Jalen Brunson didn’t mince words when asked about participating in his first NBA playoff series.
“I’m ready to go,” he said. “Nothing else to be said. Let’s just go.”
One of the Dallas Mavericks’ backup guards, Brunson can be excused for being on high alert when it comes to the NBA playoffs. After all, when the Mavs qualified for the postseason last year for the first time since 2016, Brunson was relegated to spectator status for that best-of-seven first-round playoff series against the Los Angeles Clippers.

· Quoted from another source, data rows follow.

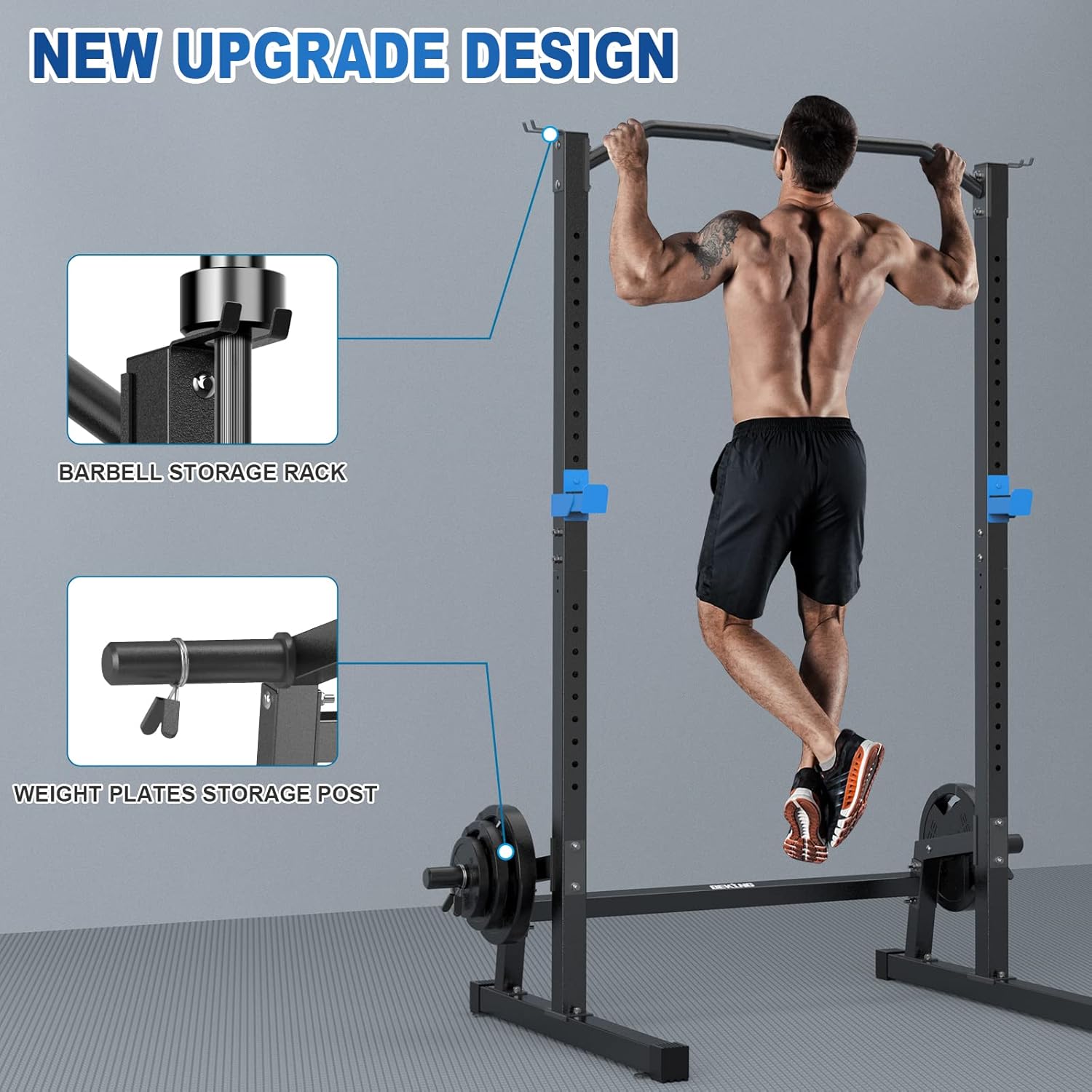 BEKING Power Rack Squat Rack Cage with Pull Up Bar,Adjustable Power Cage Exercise Squat Stand with Barbell Rack Weight Plate Storage,Strength Training Workout Station for Home Gym Fitness - Image 4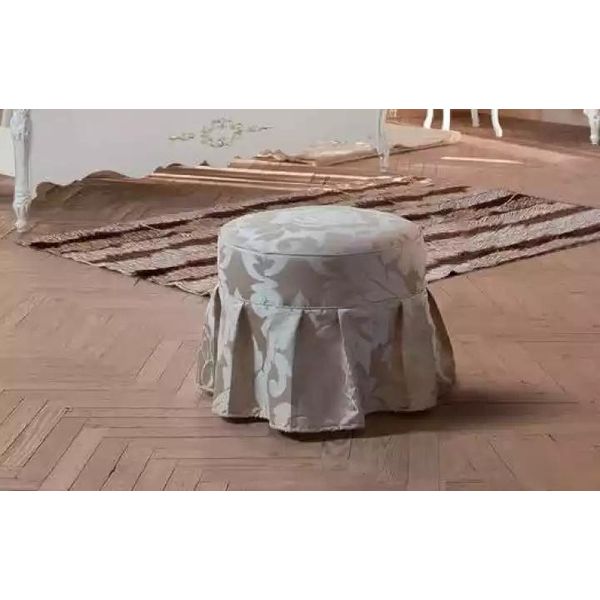 Sgabello Di Lusso Di Design Con Cuscino Rotondo, Sgabello Con Seduta Pouf, Arredo Tessile-image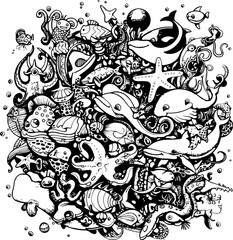 fish, doodle, vector, tattoo, design, illustration, symbol, decoration, tribal, ornament, art, bird, animal, black, element, vintage, floral, skull, pattern, flower, set, sign, logo, silhouette, icon,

That’s because Brunson got hurt on the first possession of a Feb. 22, 2020, contest in Atlanta, and subsequently underwent season-ending surgery to address an injury to the labrum of his right shoulder. While the Mavs were losing their series to the Clippers in six games, Brunson was stewing because he was unable to help his teammates.
“We were right there,” Brunson said. “We had our opportunities.”
This year, not only do the Mavs hope to take advantage of their opportunities when they open the playoffs this Saturday in LA. But Brunson is happy that he’ll be an integral part of the picture when the Mavs will – again – play the Clippers in the opening round of the playoffs.
“It’s going to be fun,” Brunson said. “I’m just really excited that I can be a part of it and hopefully contribute.
“I think we have a great group of guys and I think we can do a special thing together. We just have to really lock in.”
Brunson certainly has been locked in this season. In 57 games last year – including 16 starts — the former Villanova Wildcat star averaged 8.2 points, 2.4 rebounds and 3.3 assists in 17.9 minutes, and shot 46.6 percent from the field and 35.8 percent from behind the 3-point line.
In 68 games this season – including 12 starts – those numbers for Brunson improved to 12.6 points, 3.4 rebounds and 3.5 assists in 25 minutes. And he shot a robust 52.3 percent from the floor and a healthy 40.5 percent from behind the 3-point arc.
As they approach their second straight playoff appearance against the Clippers, the Mavs will do so knowing they’ve come a mighty long way from Feb. 4 when they were 9-14 and in 14th place in the 15-team Western Conference following a devastating 147-116 loss at home to the Golden State Warriors. As of now, Brunson takes solace in the fact that the Mavs are one of the hottest teams in the NBA with 12 wins in their last 16 games.
“I think it’s really important for everyone to be in the right mental space and get to do what they’ve been doing to be successful,” Brunson said. “We’ve got to keep doing the things that we’ve done in the past.
“We can’t start thinking of new things to do and we can’t be complacent with doing the same things over and over and over again. We just got to keep being who we are, staying tough-minded and just try to figure out ways to get better.”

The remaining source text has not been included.